### Activity
Your copy should start at the line with "mariposa county booking report" and end at the line with "Desenho Ilustrativo do" in the data below. Transcribe only those lines, exactly, pictures excluded.

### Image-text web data
┌──

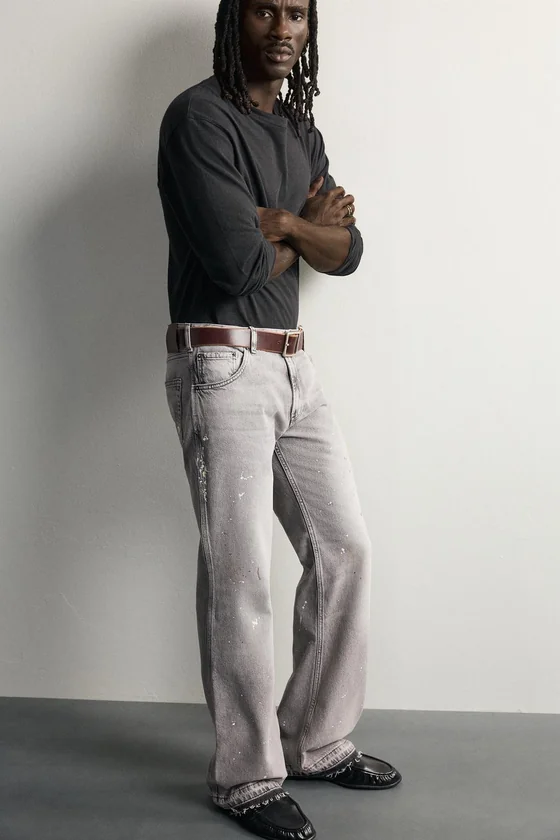 ДЖИНСЫ BOOTCUT FIT С НИЗКОЙ ПОСАДКОЙ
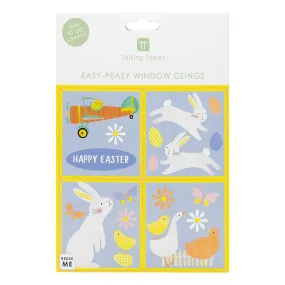 Rabbit Window Cling Easter Decorations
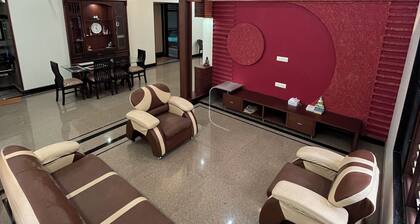 Serene 3-bedroom apartment with AC in charming Udupi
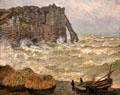 Rough Sea, Étretat painting by Claude Monet at Beaux-Arts Museum. Lyon, France.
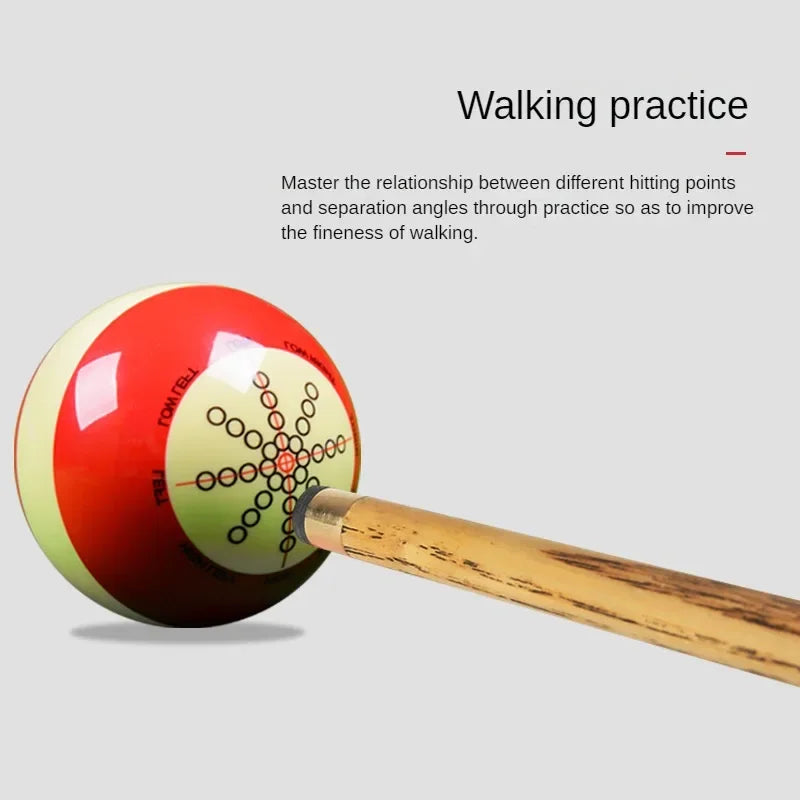 Wear-Resistant Billiard Training Cue Ball Professional Practice Ball for Beginner Eco Material for Snooker Billiard Tyro Train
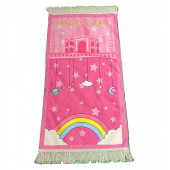 Gökkuşağı Çocuk Seccadesi - Pembe - 1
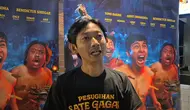 Yono Bakrie, salah satu actor pendukung film Pesugihan Sate Gagak. (Liputan6.com/M. Altaf Jauhar)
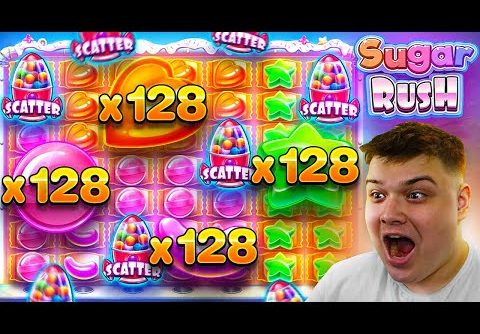 SOOO MANY MAX MULTIS & RETRIGGERS On SUGAR RUSH!! (HUGE WINS)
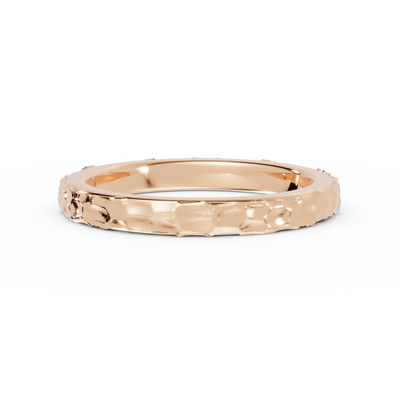 Anillo de compromiso Terra en oro rosa de 2,5 mm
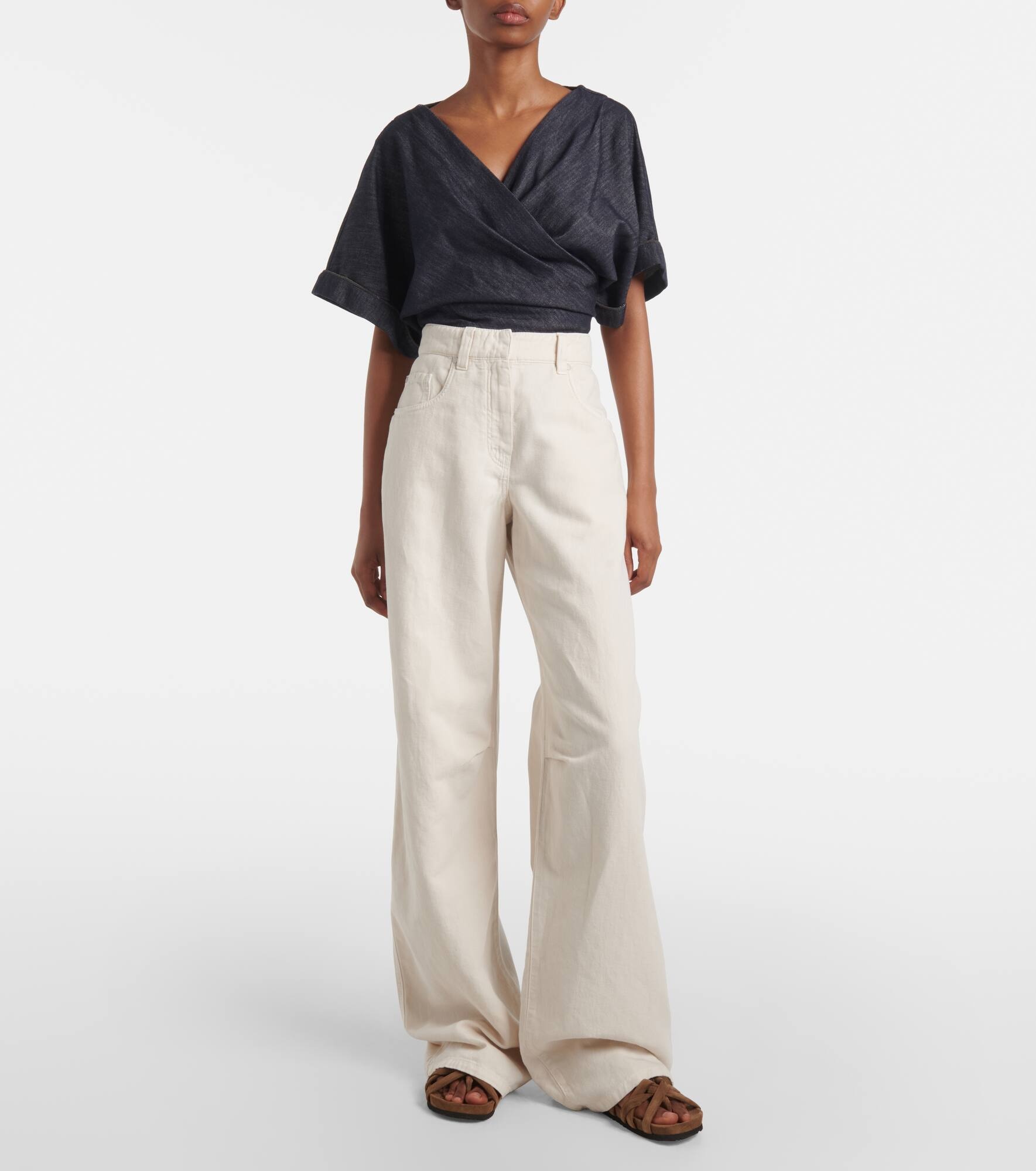 Wide-leg jeans - 7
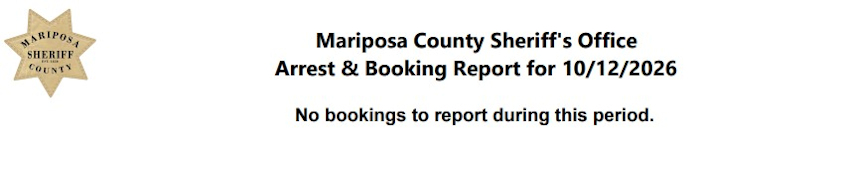 mariposa county booking report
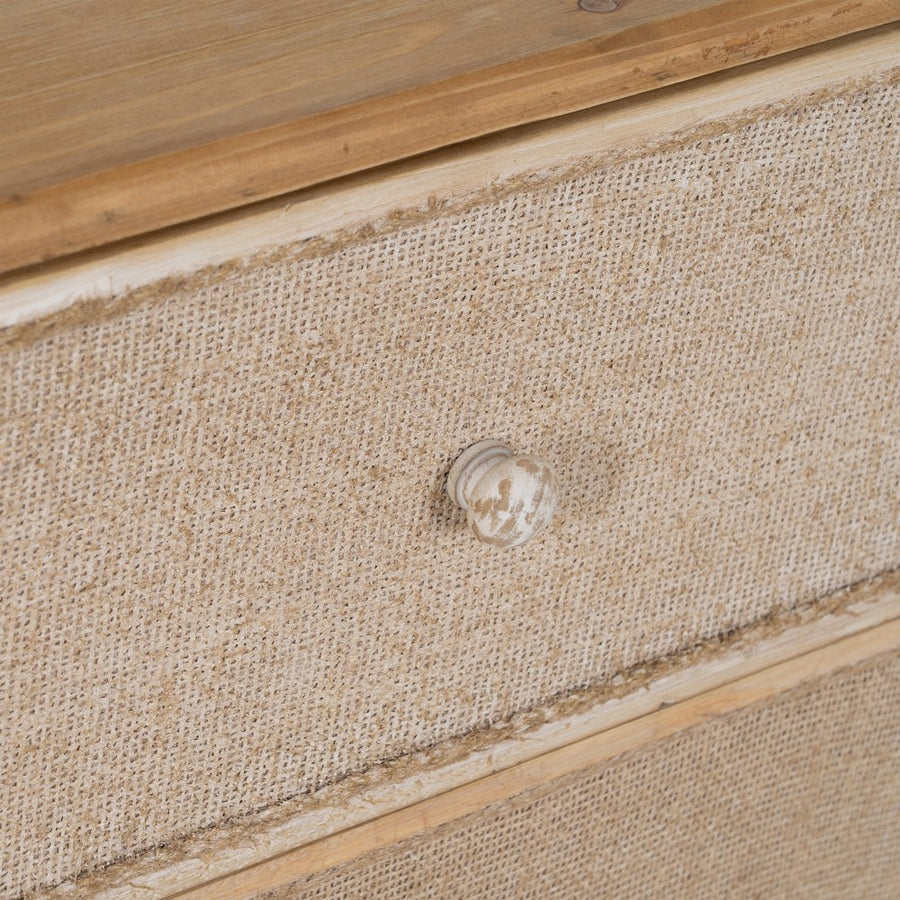 MESITA NATURAL DM-MADERA 46 X 37 X 76 CM
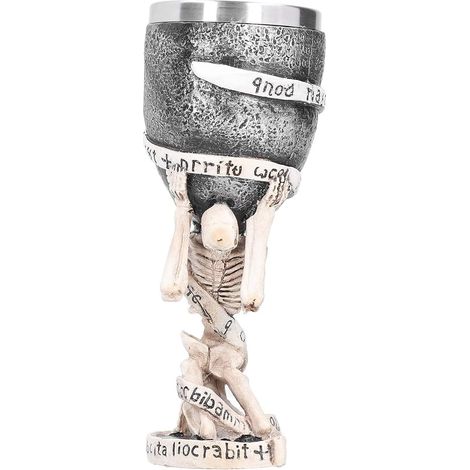 Tasse de bière de crâne d'acier Inoxydable, Verres à Vin 3D Crâne Tasse Gobelet à Vin Décoration pour Partie, Halloween, 160ml (1/5)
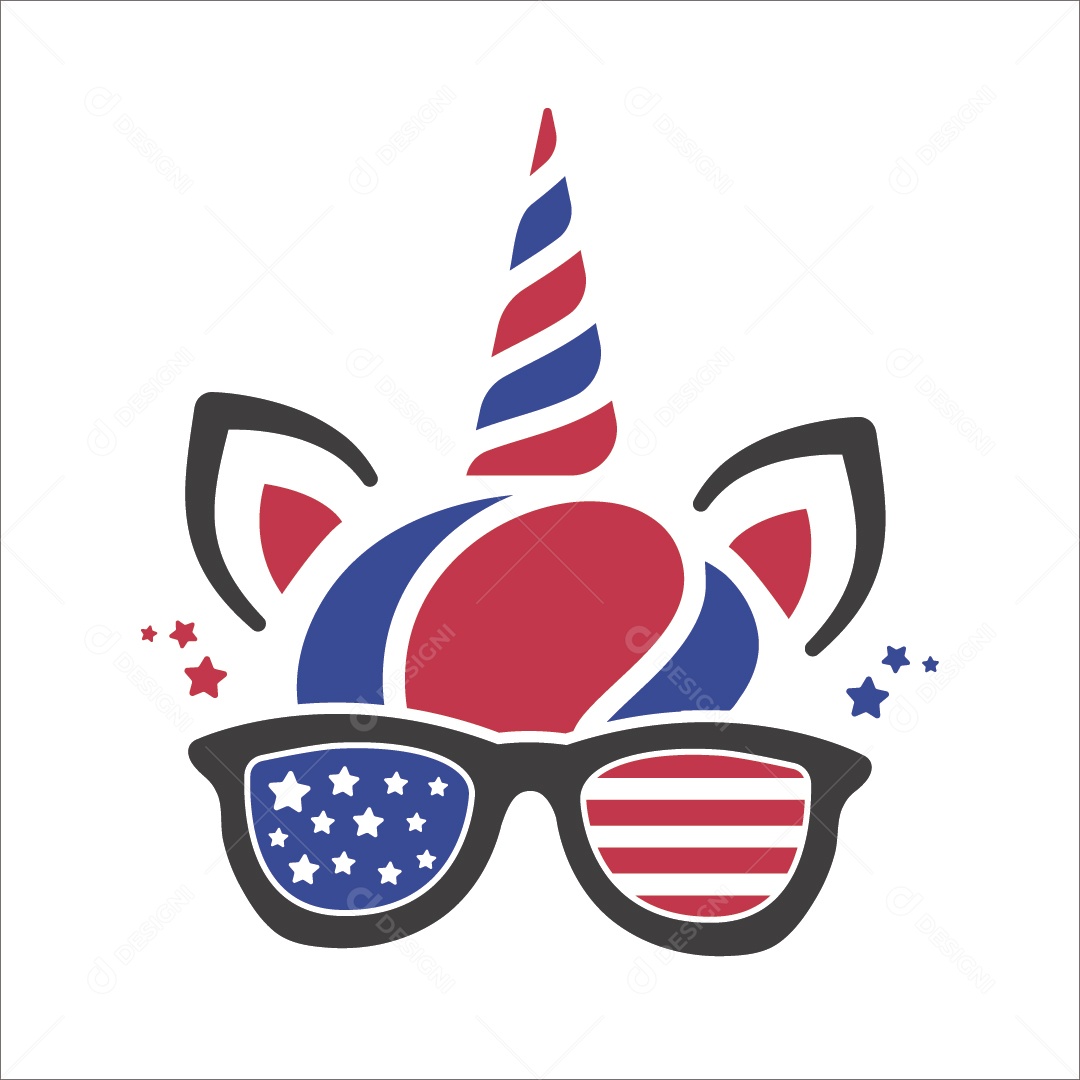 Desenho Ilustrativo do Dia da Independência dos Estados Unidos Vetor EPS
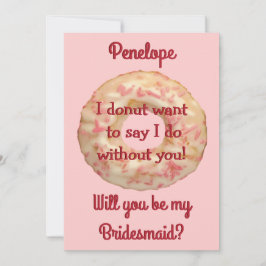 Munk och Rosa Strössel Vill du vara min brudtärna Inbjudningar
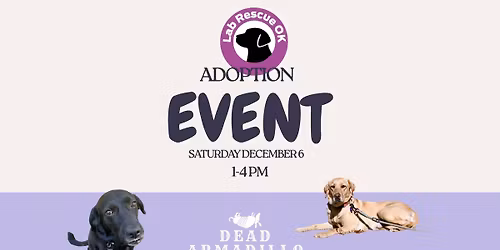 Lab Rescue OK Adoption Event!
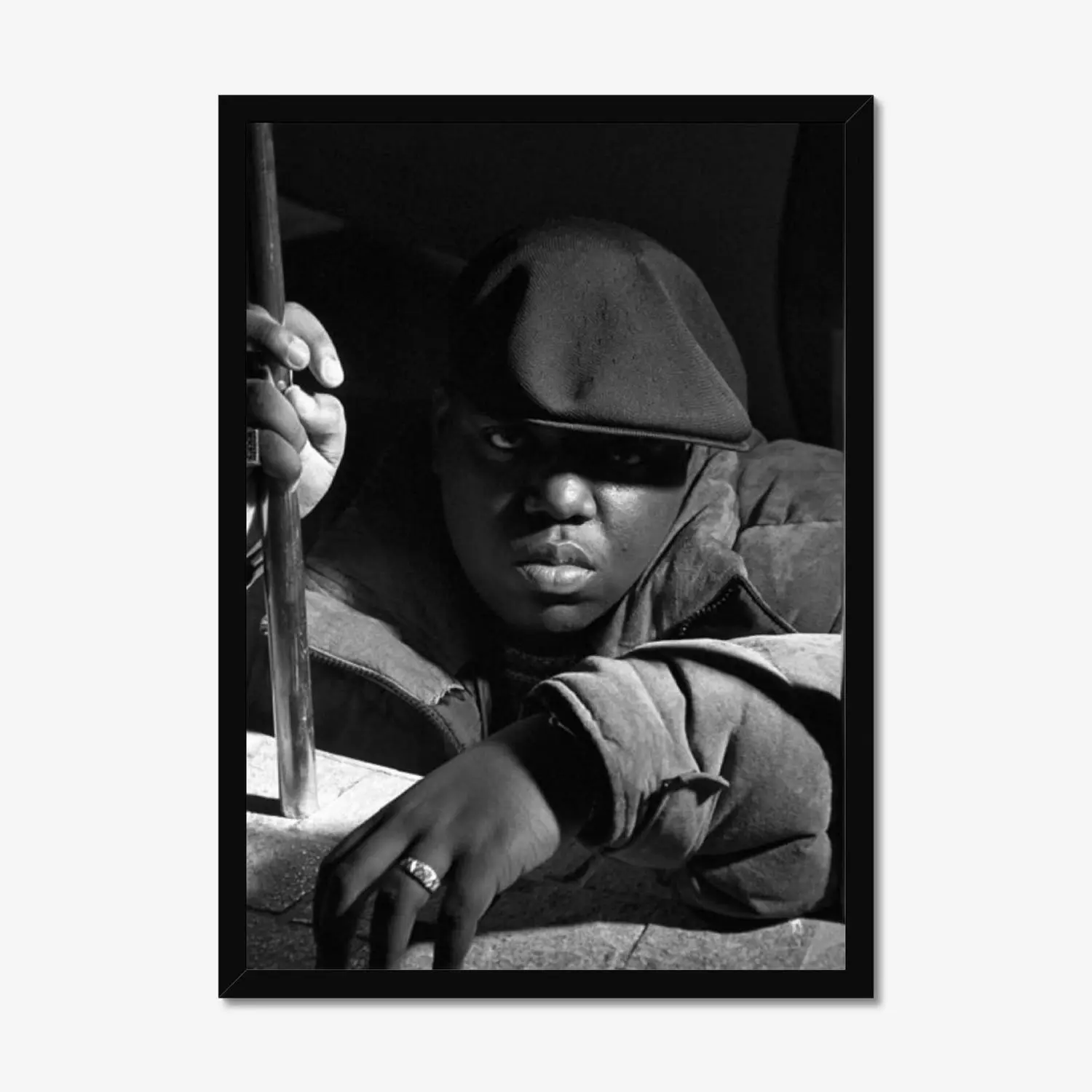 The Notorious B.I.G.v3 Poster, The Notorious B.I.G. Street Poster, Hip Hop Legend Wall Decor, 90s Rap Icon Print, Rap Artist Wall Art Room Gift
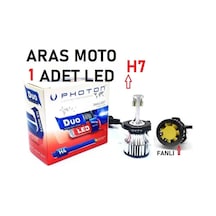 Motosiklet H7 Photon Fanlı Xenon Led Ampül 12-24 V Duo Soğutucu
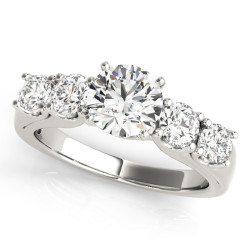 ENGAGEMENT RINGS SINGLE ROW PRONG SET
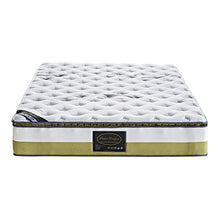 Load image into Gallery viewer, Queen Mattress Memory Pillow Top Pocket Spring Foam Medium Firm Bed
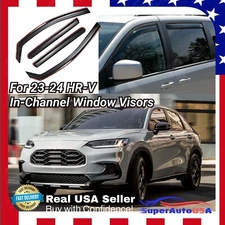 For Honda HR-V HRV 23-24 In-Channel Vent Window Visor Rain Wind Guards Deflector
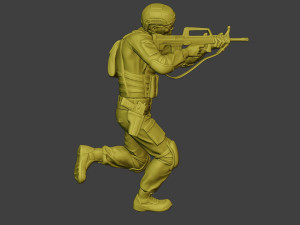 china actual special forces pap 0009 Modelo de impresión 3D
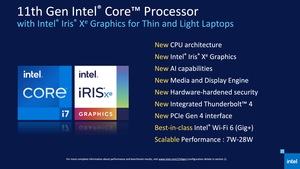 Intel 11th Gen Core Tiger Lake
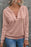 Lace Up Long Sleeve Hoodie - Byyde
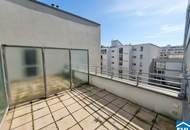 2-Zimmer Terrassenwohnung mit Blick in den Innenhof!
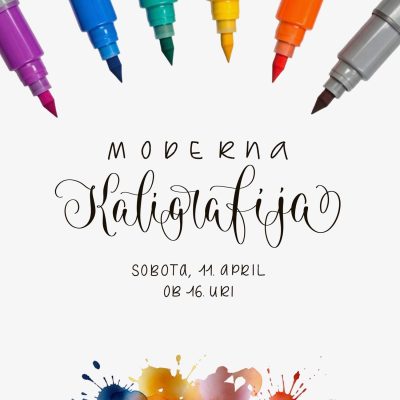 Lepopisje - doživetje moderne kaligrafije - APRIL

└──

### Solution for this task
 mariposa county booking report
 MESITA NATURAL DM-MADERA 46 X 37 X 76 CM
 Tasse de bière de crâne d'acier Inoxydable, Verres à Vin 3D Crâne Tasse Gobelet à Vin Décoration pour Partie, Halloween, 160ml (1/5)
 Desenho Ilustrativo do Dia da Independência dos Estados Unidos Vetor EPS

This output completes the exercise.